Why We Should All Say “Anti-Choice,” not “Pro-Life” or “Anti-Abortion”

The death of Justice Ruth Bader Ginsberg presages a major new contest over abortion rights. Unfortunately, our language around abortion tilts the discussion unfairly against supporting a woman’s right to choose. It is time for a long-overdue change in terms.

The change is simple: we should all refer to the Republican Party’s position as “anti-choice,” not “pro-life” or “anti-abortion.”

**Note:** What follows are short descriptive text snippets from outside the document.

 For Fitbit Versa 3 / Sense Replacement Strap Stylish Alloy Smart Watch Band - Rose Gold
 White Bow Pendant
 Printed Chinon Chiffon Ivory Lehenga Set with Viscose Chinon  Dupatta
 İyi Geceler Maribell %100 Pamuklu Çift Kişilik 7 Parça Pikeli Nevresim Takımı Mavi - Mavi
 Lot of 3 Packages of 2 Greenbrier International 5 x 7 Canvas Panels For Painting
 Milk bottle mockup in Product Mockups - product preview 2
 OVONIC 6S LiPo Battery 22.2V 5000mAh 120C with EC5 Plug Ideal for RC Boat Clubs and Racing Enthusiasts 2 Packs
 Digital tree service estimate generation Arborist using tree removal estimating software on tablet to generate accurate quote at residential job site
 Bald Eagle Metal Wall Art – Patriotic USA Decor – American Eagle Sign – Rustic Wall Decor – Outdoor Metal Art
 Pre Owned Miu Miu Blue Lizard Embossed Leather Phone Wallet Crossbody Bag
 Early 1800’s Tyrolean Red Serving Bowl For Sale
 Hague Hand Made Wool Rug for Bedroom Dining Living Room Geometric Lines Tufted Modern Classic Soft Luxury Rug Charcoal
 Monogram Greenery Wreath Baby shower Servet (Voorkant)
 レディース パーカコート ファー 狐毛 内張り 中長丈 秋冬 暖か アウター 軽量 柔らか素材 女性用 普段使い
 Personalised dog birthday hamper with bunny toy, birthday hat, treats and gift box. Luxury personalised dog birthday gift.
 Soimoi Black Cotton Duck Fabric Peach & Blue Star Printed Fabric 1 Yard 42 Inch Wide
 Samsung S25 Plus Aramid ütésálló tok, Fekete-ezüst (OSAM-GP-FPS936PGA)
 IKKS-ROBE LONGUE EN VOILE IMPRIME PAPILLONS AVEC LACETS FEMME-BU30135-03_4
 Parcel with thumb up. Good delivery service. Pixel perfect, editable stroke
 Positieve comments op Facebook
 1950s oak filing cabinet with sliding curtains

As an economist, I believe it is important to base proposals on evidence. Surprisingly, there was no data on how people respond to these basic terms — so I ran a new, nationally representative survey. I found that language matters immensely. One out of every four “pro-life” Americans would identify as pro-choice if the alternative were “anti-choice” instead.

Of course, switching to a pro-choice identity in a survey might not affect voting or party affiliation. But the anti-choice label is not just about rhetoric. It is also a more honest, accurate description of the difference between Democrat and Republican positions that would alter mindsets in deeper ways over time.

Why is the term “pro-life” dishonest? Simple: because in reality no one is “anti-life.”

All women considering abortion trade off different and very real kinds of life. Some women feel a new child would jeopardize the health or education of their existing children. Some women will raise a different child in the future, once they’re ready to give that child a better start. Career considerations can also involve saving life, as anyone postponing childbirth to pursue a career in nursing or medicine can remind us.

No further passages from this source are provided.